▸ TASK GOAL: Pull each line holding the word "Adjustable" from the data.

▸ SUPPLIED DATA:
___

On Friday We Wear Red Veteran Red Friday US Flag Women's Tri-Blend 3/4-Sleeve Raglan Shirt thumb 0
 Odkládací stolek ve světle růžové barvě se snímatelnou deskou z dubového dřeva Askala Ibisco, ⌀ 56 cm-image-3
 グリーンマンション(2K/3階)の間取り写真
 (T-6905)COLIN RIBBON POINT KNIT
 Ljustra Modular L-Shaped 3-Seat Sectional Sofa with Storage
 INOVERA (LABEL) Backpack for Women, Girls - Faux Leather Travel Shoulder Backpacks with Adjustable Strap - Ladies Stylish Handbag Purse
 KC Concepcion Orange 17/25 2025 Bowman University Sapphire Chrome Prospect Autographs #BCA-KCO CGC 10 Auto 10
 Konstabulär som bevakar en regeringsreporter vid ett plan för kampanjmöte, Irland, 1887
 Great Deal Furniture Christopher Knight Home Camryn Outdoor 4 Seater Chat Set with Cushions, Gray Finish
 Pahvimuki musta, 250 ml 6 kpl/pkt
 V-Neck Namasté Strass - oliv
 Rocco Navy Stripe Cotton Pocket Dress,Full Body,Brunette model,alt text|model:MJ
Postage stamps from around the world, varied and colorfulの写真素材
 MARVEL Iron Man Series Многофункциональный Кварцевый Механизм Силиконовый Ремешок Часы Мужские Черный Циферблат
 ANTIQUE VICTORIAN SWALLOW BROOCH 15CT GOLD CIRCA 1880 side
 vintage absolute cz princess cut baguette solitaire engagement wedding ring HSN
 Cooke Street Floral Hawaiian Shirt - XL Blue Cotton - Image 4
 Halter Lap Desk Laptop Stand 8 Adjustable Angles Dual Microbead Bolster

___

▸ RESPONSE FOR THIS EXERCISE:
 INOVERA (LABEL) Backpack for Women, Girls - Faux Leather Travel Shoulder Backpacks with Adjustable Strap - Ladies Stylish Handbag Purse
 Halter Lap Desk Laptop Stand 8 Adjustable Angles Dual Microbead Bolster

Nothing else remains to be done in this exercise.